Any help would be much appreciated. Thanks!
Why limit yourself to MS Word? http://openoffice.org/ . Free speech,
free beer. It's about 110M in size, though.
> I can use, what appears to be, the built-in support XP has for
> scanners, but I can only scan to image files basically. I really need
> a way to scan using OCR to create text files that I can edit (e.g. in
> Word 97).
The documents that MS Word produces by default are *not* "text files".
They're Microsoft's proprietary invention, and they can and do contain a
bunch of stuff other than text. Take a look at a .DOC file and a .TXT
file in a hex editor and you'll see what I mean.
> Any ideas how to do this, or do I have to go buy software to
> accomplish my goal?
Unfortunately, there aren't any Free OCR programs that can do decent
recognition right now. GNU OCRad is pretty sad, and it doesn't even
have an interface unless you count kooka. Sometimes, scanner
manufacturers ship scanners with a CD containing limited versions of
popular proprietary OCR packages. If you don't have one of those CDs,
ISTR hearing something about 'DozeXP having some kind of rudimentary OCR
capability built-in. I can't verify that since all I have here is 2K
and I'd have to reboot to use that. Try Googling and digging around on
your system.
If you really need good OCR, there are several commercial packages
available. Abbyy Finereader gets a lot of good press. Expervision
Typereader and Caere Omnipage are OK, but some people say that
Finereader works better. YMMV. If you have good original images
(typeset, high-contrast, few speckles, scannable at 300 DPI
black-and-white, no tiny/gigantic/broken/mangled type) then any of those
engines should do a decent job. No OCR engine is perfect though. HTH,
--
Matt G|There is no Darkness in eternity/But only Light too dim for us to see
Hire me! http://crow202.dyndns.org/~mhgraham/resume/
Programmers are playwrights, Computers are lousy actors,
Users are vicious drama critics, BOFHen burn down theatres!

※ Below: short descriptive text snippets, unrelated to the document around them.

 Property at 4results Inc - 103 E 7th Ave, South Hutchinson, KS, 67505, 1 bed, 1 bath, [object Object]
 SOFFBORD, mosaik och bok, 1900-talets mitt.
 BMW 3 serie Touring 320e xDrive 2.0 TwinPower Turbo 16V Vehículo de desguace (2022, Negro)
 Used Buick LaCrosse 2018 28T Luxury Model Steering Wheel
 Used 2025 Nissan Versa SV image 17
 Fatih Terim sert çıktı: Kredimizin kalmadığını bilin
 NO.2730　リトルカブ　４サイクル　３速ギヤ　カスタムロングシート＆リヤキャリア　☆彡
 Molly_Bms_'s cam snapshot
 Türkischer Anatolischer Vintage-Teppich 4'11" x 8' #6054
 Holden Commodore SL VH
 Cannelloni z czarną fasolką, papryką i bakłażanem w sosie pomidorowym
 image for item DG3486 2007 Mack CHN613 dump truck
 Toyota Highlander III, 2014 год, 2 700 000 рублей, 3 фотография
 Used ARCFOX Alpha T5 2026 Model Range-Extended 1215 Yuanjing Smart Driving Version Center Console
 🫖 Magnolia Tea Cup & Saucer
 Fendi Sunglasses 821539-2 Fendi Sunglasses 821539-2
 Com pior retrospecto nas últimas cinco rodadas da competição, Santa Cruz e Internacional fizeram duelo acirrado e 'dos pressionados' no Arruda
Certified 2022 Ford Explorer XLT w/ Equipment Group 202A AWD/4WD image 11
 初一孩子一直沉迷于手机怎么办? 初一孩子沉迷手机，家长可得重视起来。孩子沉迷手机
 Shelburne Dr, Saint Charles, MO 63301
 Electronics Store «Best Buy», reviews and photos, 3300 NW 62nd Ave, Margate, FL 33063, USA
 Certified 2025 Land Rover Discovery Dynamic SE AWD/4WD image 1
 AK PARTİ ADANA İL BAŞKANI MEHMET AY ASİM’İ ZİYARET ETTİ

If it's not included with the scanner software, then you'll have to
buy an OCR program, such as OmniPage Pro (which works pretty darn well).
Keep in mind these are machines reading text, so you'll always get
some errors you have to manually correct. Still, you can process a
several hundred page book scan in about 1/2 an hour with Omnipage since
the error rates are pretty low.
Here, if you're doing large volume text to OCR scans, you've really
bought the wrong scanner. You'll need at least a Canon DR-2080C
continuous feed duplex scanner that'll push through 20+ppm, and works
great at gobbling up hundreds of pages per hour (like it does here)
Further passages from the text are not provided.